**ASSIGNMENT:**
Scan the data below for the string "Picture". Copy every line where it appears.

++++ RECORDS SUPPLIED

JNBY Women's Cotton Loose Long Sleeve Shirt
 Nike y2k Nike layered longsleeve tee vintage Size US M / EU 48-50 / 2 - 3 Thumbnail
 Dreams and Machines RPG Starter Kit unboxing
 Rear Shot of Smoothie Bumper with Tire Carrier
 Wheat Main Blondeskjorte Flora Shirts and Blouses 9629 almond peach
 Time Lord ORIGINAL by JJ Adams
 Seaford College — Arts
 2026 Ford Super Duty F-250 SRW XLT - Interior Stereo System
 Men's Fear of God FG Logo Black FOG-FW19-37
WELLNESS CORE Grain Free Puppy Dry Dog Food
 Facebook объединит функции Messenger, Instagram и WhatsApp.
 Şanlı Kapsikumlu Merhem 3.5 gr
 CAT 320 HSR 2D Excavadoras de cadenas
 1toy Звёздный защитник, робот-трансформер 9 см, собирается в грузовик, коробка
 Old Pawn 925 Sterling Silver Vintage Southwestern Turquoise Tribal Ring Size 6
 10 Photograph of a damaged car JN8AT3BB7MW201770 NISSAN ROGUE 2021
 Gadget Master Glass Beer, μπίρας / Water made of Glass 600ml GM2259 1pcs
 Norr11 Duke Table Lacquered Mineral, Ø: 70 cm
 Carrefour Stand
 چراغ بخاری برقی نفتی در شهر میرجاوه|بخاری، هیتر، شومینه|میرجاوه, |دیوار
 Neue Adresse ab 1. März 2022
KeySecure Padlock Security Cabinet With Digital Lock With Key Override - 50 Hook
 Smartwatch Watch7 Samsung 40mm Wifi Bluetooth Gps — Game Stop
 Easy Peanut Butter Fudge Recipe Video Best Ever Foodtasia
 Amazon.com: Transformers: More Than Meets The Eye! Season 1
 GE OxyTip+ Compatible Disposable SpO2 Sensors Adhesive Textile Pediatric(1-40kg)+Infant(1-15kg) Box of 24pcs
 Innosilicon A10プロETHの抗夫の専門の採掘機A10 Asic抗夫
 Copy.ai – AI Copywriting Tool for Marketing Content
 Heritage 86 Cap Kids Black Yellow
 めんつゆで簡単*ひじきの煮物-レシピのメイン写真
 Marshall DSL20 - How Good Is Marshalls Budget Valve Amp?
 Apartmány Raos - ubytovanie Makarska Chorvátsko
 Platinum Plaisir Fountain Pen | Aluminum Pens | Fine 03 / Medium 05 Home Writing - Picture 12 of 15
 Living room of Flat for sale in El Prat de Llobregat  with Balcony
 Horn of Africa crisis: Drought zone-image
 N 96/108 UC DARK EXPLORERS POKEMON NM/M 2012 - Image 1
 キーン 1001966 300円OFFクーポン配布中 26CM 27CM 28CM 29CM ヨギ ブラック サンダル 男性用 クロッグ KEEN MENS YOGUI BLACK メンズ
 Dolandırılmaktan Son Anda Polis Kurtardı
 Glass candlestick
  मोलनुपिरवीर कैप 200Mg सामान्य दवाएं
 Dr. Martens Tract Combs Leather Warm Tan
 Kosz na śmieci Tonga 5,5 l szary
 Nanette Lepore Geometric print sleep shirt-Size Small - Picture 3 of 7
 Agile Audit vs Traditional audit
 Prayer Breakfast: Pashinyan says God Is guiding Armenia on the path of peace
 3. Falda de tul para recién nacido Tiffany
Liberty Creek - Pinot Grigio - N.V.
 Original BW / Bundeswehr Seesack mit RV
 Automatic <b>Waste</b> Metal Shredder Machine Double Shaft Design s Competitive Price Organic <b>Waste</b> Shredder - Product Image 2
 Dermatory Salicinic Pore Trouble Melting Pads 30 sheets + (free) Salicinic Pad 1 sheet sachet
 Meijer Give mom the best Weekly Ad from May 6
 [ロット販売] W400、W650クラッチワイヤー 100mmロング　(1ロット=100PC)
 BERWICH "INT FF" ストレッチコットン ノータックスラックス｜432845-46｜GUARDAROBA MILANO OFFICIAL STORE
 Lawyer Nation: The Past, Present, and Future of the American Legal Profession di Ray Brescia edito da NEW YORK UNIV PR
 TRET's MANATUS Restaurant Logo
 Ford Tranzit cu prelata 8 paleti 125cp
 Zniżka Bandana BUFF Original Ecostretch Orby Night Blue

++++++++

**ANSWER FOR THIS EXERCISE:**
 Platinum Plaisir Fountain Pen | Aluminum Pens | Fine 03 / Medium 05 Home Writing - Picture 12 of 15
 Nanette Lepore Geometric print sleep shirt-Size Small - Picture 3 of 7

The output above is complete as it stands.